• Task to complete
From the listing below, reproduce word for word the part that opens with the line containing "Bundgaard Soft Sole" and closes with the line containing "Bloc couteaux bois"; reproduce nothing else.

• Data extract
==========

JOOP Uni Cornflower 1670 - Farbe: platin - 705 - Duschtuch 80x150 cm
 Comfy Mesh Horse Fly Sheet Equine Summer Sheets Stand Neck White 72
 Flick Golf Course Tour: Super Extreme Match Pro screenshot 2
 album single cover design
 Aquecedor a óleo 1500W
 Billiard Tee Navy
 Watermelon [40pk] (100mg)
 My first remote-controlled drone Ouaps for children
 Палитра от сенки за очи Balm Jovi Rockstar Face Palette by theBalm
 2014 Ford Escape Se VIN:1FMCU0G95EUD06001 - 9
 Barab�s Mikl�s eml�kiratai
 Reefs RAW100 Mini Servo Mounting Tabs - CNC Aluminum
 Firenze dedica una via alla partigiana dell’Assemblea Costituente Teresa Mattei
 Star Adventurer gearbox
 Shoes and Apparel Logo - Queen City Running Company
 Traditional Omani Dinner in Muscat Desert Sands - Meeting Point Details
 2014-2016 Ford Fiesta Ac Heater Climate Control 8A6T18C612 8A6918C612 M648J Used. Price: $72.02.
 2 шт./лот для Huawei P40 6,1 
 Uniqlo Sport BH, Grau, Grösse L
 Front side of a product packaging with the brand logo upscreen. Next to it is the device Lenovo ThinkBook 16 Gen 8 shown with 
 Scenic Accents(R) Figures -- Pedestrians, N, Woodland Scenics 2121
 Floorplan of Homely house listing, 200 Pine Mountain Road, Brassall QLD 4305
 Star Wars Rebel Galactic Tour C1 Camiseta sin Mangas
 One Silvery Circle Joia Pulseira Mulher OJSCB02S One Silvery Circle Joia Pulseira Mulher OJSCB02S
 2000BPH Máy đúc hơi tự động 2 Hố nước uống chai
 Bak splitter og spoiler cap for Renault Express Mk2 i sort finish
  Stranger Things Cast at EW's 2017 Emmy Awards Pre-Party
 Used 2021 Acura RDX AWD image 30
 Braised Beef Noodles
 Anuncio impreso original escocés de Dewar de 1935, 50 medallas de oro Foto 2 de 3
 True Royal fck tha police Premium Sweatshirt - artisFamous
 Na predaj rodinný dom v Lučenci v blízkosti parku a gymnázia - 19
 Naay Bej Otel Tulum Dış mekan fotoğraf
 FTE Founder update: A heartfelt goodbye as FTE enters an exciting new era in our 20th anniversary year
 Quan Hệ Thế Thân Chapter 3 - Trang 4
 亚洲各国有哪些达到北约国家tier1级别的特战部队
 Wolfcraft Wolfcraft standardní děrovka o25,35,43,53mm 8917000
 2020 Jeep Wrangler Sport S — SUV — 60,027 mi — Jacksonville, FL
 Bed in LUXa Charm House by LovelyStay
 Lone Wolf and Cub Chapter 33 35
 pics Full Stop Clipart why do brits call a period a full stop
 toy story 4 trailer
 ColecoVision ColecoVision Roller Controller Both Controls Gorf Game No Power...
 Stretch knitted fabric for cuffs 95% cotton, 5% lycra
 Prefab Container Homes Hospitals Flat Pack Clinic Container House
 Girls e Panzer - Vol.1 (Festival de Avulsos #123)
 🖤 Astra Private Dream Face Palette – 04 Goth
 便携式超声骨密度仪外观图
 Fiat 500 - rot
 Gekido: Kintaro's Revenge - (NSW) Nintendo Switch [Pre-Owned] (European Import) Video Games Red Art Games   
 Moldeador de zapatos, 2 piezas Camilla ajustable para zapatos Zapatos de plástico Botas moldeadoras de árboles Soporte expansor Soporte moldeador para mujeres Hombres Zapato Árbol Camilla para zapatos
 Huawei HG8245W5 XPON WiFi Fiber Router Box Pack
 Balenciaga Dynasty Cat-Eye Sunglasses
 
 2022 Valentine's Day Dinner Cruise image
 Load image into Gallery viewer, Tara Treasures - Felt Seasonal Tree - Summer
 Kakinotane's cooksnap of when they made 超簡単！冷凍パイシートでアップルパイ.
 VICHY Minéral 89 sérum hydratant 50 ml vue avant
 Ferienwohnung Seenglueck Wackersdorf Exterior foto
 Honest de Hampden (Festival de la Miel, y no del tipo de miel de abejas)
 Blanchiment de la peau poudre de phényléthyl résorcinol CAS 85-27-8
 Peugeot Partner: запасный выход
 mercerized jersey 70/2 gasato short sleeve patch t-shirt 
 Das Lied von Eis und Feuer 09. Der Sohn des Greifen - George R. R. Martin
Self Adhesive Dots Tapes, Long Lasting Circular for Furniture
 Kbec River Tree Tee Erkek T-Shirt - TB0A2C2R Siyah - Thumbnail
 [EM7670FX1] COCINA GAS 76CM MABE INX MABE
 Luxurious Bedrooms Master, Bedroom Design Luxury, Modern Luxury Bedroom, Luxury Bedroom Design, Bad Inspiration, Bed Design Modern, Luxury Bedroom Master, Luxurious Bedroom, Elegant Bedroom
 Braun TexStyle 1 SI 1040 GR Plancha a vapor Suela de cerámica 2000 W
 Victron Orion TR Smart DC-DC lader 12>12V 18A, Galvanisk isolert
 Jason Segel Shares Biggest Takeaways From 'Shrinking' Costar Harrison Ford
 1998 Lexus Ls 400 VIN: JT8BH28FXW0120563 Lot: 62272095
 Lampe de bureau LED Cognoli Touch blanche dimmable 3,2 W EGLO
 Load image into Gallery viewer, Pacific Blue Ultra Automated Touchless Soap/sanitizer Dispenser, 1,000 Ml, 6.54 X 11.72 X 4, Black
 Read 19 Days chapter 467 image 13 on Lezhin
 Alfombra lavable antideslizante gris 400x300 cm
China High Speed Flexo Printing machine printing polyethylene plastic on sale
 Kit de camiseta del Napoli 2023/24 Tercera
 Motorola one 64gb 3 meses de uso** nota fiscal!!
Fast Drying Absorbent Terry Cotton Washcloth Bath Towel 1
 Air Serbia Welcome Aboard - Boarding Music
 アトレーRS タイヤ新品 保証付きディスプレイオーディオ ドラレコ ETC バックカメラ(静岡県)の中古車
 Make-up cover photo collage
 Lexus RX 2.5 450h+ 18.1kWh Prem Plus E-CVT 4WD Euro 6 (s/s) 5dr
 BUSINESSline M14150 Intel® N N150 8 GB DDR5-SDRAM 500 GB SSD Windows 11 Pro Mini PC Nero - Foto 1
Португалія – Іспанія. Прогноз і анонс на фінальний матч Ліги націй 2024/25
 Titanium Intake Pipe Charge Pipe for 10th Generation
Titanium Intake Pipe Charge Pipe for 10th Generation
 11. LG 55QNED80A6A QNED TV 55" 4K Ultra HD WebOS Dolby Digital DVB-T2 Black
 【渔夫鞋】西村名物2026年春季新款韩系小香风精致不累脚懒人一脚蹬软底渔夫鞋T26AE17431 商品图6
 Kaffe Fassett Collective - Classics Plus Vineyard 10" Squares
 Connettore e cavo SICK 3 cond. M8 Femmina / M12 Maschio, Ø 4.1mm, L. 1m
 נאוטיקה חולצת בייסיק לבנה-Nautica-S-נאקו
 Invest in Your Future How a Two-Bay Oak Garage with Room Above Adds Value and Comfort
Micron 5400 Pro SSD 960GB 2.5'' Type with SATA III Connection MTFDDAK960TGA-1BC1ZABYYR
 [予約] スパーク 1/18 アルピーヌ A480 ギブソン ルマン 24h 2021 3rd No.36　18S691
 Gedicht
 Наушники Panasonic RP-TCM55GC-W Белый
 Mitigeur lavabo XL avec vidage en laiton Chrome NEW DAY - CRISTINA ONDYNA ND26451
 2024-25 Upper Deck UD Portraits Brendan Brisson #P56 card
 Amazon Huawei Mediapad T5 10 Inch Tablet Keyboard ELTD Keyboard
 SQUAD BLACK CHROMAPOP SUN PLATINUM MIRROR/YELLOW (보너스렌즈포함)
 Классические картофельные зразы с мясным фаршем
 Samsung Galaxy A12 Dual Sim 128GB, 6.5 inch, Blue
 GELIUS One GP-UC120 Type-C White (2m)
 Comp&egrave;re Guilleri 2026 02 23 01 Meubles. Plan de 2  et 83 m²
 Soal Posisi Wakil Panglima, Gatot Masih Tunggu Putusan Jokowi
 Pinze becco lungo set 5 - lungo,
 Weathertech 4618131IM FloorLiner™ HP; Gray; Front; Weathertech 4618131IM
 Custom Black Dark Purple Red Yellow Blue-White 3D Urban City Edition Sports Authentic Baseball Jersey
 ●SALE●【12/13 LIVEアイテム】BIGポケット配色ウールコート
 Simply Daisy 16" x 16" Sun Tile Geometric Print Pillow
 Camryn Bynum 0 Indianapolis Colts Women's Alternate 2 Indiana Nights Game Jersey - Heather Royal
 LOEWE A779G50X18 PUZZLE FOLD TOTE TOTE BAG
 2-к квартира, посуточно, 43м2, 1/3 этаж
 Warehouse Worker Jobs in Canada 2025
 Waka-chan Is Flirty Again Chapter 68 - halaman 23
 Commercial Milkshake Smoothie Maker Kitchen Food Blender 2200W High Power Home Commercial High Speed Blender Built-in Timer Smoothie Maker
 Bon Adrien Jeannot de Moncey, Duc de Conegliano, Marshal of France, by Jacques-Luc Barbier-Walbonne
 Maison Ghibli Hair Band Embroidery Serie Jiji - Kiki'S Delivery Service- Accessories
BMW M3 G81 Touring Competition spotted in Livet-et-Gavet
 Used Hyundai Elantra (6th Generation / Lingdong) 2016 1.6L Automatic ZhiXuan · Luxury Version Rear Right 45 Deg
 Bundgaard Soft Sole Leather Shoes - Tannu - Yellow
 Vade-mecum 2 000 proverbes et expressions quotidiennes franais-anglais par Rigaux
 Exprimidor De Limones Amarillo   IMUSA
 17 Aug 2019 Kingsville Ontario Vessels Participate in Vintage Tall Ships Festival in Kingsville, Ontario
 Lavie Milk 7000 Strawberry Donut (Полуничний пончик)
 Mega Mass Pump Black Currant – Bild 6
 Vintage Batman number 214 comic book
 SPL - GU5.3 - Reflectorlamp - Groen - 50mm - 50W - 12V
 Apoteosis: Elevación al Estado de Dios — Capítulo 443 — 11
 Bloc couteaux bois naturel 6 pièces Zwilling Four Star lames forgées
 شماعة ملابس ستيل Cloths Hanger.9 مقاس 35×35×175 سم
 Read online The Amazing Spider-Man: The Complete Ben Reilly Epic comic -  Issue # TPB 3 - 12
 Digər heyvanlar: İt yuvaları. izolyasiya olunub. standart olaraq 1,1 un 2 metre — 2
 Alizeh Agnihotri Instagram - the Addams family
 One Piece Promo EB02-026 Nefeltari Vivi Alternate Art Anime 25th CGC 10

==========

• Solution
 Bundgaard Soft Sole Leather Shoes - Tannu - Yellow
 Vade-mecum 2 000 proverbes et expressions quotidiennes franais-anglais par Rigaux
 Exprimidor De Limones Amarillo   IMUSA
 17 Aug 2019 Kingsville Ontario Vessels Participate in Vintage Tall Ships Festival in Kingsville, Ontario
 Lavie Milk 7000 Strawberry Donut (Полуничний пончик)
 Mega Mass Pump Black Currant – Bild 6
 Vintage Batman number 214 comic book
 SPL - GU5.3 - Reflectorlamp - Groen - 50mm - 50W - 12V
 Apoteosis: Elevación al Estado de Dios — Capítulo 443 — 11
 Bloc couteaux bois naturel 6 pièces Zwilling Four Star lames forgées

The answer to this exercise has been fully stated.